EXERCISE BRIEF:
Filter the records below, keeping only lines with the string "White".

[Items from a dataset]
=======
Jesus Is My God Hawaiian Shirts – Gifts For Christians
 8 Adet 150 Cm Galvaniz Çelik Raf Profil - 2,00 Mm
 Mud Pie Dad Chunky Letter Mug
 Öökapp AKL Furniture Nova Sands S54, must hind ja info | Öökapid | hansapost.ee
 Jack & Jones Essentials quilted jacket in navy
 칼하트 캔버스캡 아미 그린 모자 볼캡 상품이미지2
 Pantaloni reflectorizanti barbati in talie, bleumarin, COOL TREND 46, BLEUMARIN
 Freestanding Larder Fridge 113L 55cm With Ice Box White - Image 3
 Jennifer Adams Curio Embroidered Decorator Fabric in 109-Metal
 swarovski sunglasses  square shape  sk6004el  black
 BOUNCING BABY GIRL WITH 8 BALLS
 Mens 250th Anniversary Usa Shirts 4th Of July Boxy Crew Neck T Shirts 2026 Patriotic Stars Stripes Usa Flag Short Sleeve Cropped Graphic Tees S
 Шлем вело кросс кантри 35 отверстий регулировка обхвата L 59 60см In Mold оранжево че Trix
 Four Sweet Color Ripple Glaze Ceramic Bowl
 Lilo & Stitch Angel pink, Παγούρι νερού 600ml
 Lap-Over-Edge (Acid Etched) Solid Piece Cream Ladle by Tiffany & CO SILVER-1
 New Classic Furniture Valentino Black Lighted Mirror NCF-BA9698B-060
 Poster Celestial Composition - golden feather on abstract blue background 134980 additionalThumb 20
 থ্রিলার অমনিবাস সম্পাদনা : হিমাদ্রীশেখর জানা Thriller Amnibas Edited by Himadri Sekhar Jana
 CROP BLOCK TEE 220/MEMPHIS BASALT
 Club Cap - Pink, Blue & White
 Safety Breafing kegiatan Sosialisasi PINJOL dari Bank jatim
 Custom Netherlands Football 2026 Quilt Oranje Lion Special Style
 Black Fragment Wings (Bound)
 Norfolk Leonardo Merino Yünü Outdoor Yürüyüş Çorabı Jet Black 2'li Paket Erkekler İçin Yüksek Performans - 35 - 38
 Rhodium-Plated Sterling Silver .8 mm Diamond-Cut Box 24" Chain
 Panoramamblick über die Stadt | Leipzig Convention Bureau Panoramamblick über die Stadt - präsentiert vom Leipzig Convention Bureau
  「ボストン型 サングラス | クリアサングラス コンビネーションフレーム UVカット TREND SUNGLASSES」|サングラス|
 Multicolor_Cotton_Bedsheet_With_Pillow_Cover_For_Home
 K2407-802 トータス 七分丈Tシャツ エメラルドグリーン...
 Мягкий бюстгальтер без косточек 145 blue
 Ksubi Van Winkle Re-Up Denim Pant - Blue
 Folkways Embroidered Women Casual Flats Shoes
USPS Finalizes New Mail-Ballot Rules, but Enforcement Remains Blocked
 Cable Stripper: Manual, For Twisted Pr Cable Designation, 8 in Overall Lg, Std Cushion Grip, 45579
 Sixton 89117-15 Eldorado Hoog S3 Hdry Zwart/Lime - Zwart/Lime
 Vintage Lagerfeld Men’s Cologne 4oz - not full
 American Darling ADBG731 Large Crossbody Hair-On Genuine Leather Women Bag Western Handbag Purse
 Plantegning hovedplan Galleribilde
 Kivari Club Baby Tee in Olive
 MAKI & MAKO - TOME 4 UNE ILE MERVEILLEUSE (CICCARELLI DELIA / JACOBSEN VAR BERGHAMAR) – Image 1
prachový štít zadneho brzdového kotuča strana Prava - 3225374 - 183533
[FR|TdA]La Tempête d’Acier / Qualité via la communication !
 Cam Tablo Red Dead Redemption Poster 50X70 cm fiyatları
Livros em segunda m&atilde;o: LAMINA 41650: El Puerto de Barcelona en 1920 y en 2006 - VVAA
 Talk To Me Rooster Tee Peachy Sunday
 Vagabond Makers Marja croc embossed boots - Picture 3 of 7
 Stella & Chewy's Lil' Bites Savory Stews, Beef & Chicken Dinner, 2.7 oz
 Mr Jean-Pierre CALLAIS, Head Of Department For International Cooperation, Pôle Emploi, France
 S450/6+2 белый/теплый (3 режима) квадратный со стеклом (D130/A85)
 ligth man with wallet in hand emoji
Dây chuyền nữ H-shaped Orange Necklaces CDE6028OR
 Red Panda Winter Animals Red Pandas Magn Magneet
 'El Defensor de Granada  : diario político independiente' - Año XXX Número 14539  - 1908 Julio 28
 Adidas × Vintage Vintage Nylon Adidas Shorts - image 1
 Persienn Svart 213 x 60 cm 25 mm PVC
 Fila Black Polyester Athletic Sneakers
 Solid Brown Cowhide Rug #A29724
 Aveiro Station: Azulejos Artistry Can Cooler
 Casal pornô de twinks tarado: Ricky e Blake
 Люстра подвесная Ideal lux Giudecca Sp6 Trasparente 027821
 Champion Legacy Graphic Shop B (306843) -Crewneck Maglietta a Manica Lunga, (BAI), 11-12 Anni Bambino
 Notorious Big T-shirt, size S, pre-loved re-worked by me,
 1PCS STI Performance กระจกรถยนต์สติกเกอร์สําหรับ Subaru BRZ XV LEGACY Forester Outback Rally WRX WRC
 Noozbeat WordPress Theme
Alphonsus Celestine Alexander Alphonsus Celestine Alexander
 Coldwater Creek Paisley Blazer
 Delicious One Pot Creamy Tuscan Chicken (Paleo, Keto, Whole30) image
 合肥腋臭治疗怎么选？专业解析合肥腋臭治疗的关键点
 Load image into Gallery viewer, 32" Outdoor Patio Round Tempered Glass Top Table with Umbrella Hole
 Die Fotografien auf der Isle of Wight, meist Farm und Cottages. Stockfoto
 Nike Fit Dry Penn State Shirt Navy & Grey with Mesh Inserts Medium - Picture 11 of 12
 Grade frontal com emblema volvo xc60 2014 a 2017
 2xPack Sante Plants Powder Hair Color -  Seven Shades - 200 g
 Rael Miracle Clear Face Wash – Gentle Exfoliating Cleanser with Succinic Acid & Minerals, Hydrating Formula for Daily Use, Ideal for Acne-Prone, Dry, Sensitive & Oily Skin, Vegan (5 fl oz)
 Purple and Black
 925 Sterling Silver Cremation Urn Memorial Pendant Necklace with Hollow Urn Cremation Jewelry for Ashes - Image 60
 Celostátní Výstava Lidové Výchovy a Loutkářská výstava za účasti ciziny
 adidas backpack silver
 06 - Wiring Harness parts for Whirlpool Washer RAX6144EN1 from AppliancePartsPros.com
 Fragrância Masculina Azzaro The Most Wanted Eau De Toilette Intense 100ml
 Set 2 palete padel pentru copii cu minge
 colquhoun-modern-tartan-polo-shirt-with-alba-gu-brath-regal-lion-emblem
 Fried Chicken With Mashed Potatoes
=======
RESPONSE BELOW:
 Freestanding Larder Fridge 113L 55cm With Ice Box White - Image 3
 Club Cap - Pink, Blue & White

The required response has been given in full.